## WHAT TO WORK ON
Below is a listing to write out in full, exactly as given, without its pictures.

## RAW DATA
- - -

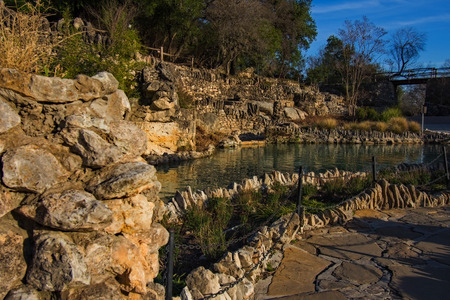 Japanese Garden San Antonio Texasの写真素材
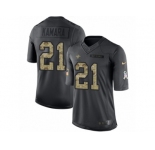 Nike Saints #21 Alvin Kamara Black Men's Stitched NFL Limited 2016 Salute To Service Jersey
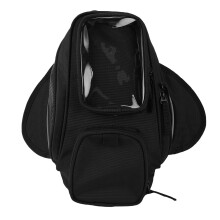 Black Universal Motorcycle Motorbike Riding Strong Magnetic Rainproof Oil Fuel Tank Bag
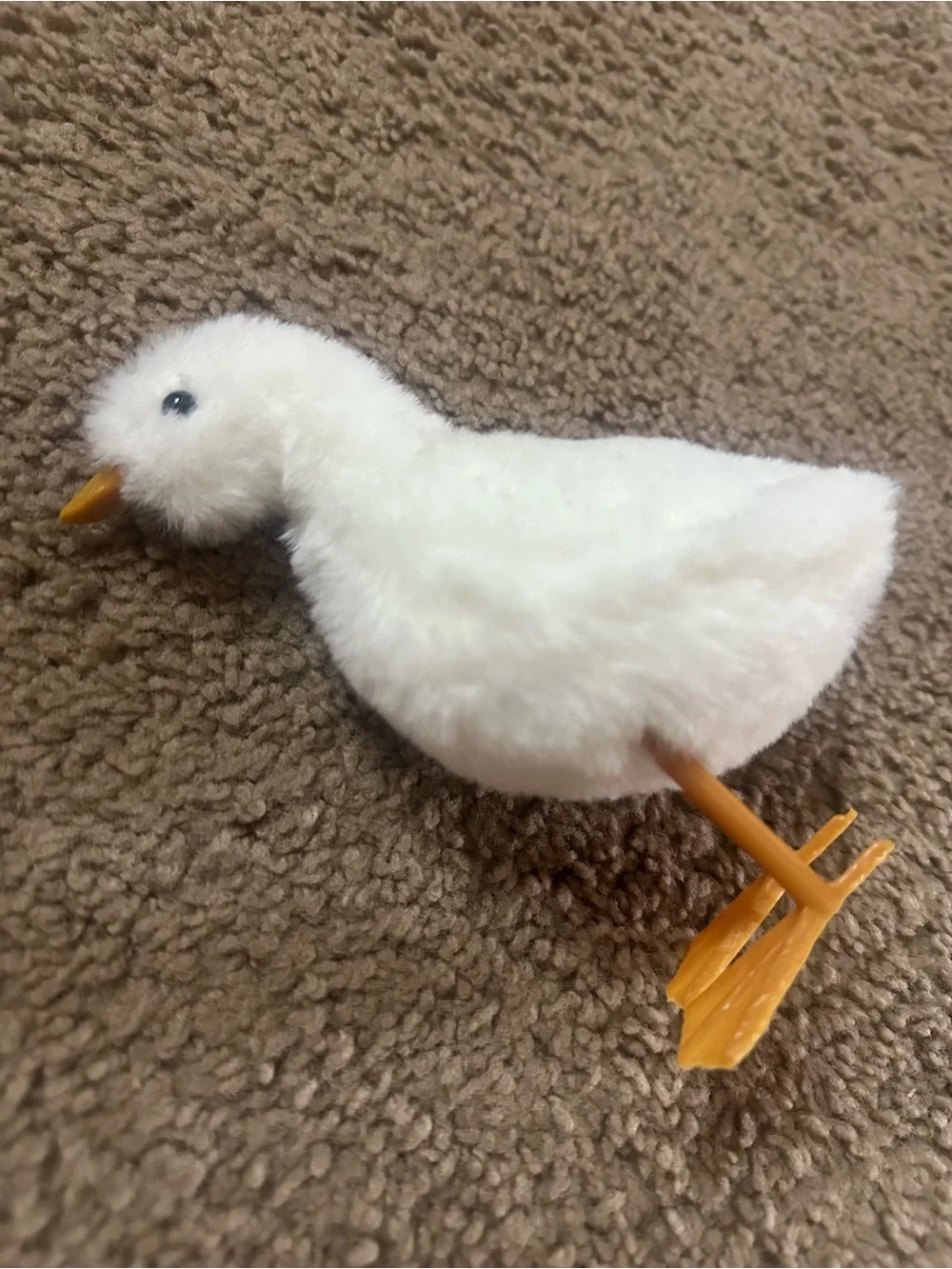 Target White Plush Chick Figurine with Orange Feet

- - -

## OUTPUT FOR THIS TASK
 Japanese Garden San Antonio Texasの写真素材
 Nike Saints #21 Alvin Kamara Black Men's Stitched NFL Limited 2016 Salute To Service Jersey
 Black Universal Motorcycle Motorbike Riding Strong Magnetic Rainproof Oil Fuel Tank Bag
 Target White Plush Chick Figurine with Orange Feet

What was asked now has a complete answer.